L’orrore del Rione Poverelli e lo schiaffo all’omertà
Per capire la portata di questo processo, bisogna tornare indietro agli anni Novanta, nel cuore del Rione Poverelli. Matilde Sorrentino non era solo una madre; divenne il simbolo di una ribellione impossibile. Insieme ad altre due donne coraggiose, ebbe la forza di scoperchiare un vaso di Pandora fatto di abusi e violenze sistematiche sui minori del quartiere.
Le sue denunce portarono all’arresto di un’intera rete di pedofili, ma quel gesto di amore verso il proprio figlio e i figli della sua terra segnò anche la sua condanna a morte. Matilde fu isolata, additata e infine punita per aver violato la legge del silenzio che proteggeva non solo gli orchi, ma anche gli equilibri criminali della zona.
Quell’esecuzione sulla soglia di casa
Era il 26 marzo 2004. Matilde Sorrentino fu trucidata sull’uscio della sua abitazione, colpita da una scarica di proiettili. Un’esecuzione in pieno stile camorristico, volta a tacitare per sempre una voce scomoda e a dare un segnale a chiunque osasse sfidare il sistema.
Se per l’esecuzione materiale è già stato condannato in via definitiva all’ergastolo Alfredo Gallo, la giustizia ha impiegato anni per risalire a quello che gli inquirenti considerano il regista dell’agguato: il boss Francesco Tamarisco.
Secondo l’accusa, fu lui a decretare la morte di Matilde, per “ripulire” l’onore del clan macchiato dalle indagini che avevano portato i riflettori delle forze dell’ordine troppo vicini agli affari del Rione.
Il labirinto processuale e le parole dei pentiti
Il percorso giudiziario è stato tortuoso. Tamarisco, inizialmente assolto in primo grado per non aver commesso il fatto, è tornato al centro del mirino grazie alle dichiarazioni di diversi collaboratori di giustizia, che hanno fornito nuovi elementi sul ruolo del ras nel delitto.
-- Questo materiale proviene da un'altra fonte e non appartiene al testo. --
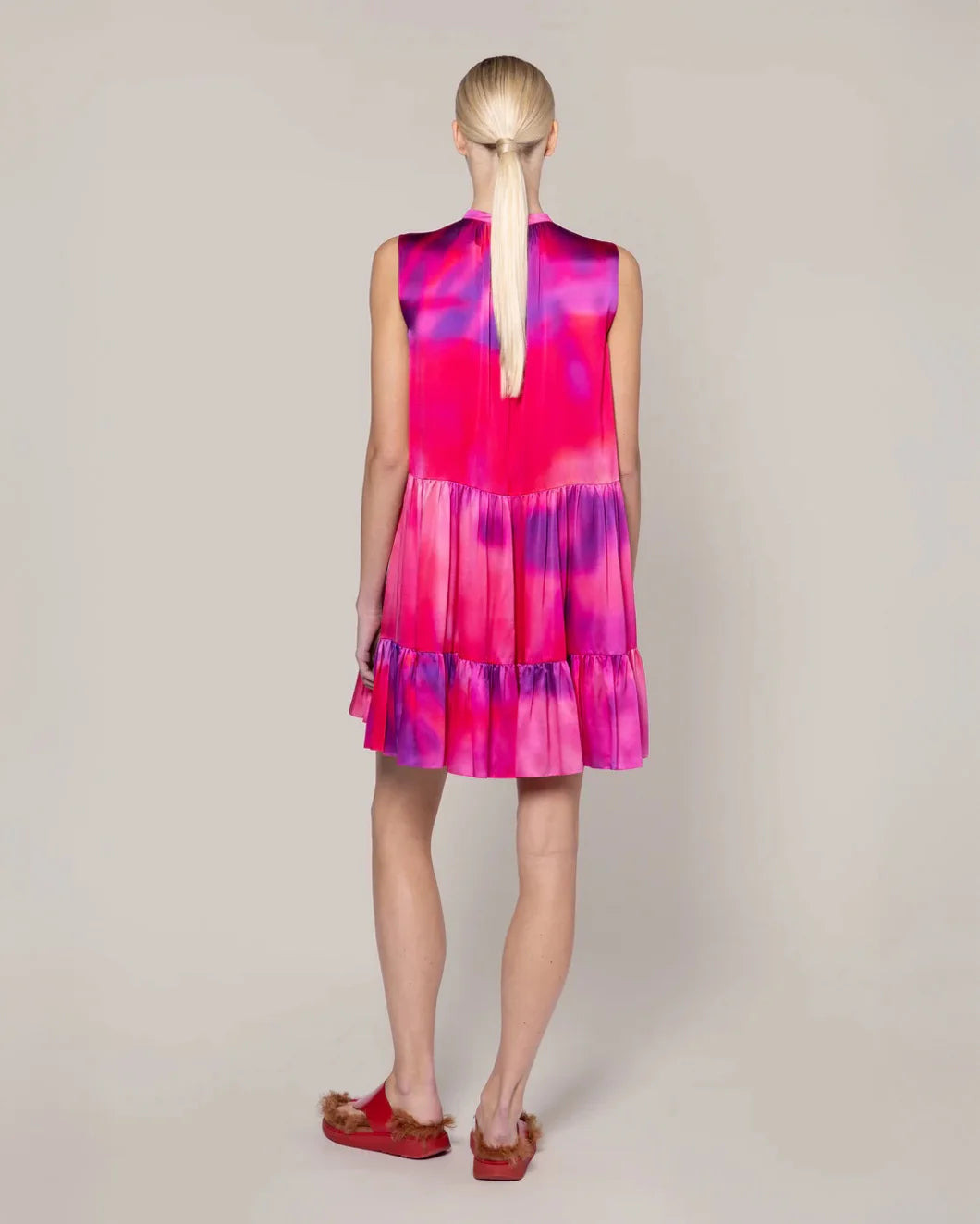 PHINIA DRESS - 6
Ieri, durante la terza udienza davanti alla Corte, la Procura ha ribadito che l’omicidio Sorrentino non fu un gesto isolato, ma una decisione strategica del clan Tamarisco. La richiesta del carcere a vita, formulata senza la concessione di alcuna circostanza attenuante, punta a chiudere definitivamente il cerchio su una delle vicende più dolorose della storia criminale vesuviana.
La parola passerà ora alle difese, ma il clima in aula racconta di una verità che, seppur tardiva, reclama con forza il suo spazio. Matilde Sorrentino, la “Mamma Coraggio” che non ebbe paura dei mostri, attende ancora che la giustizia umana pareggi i conti con la storia.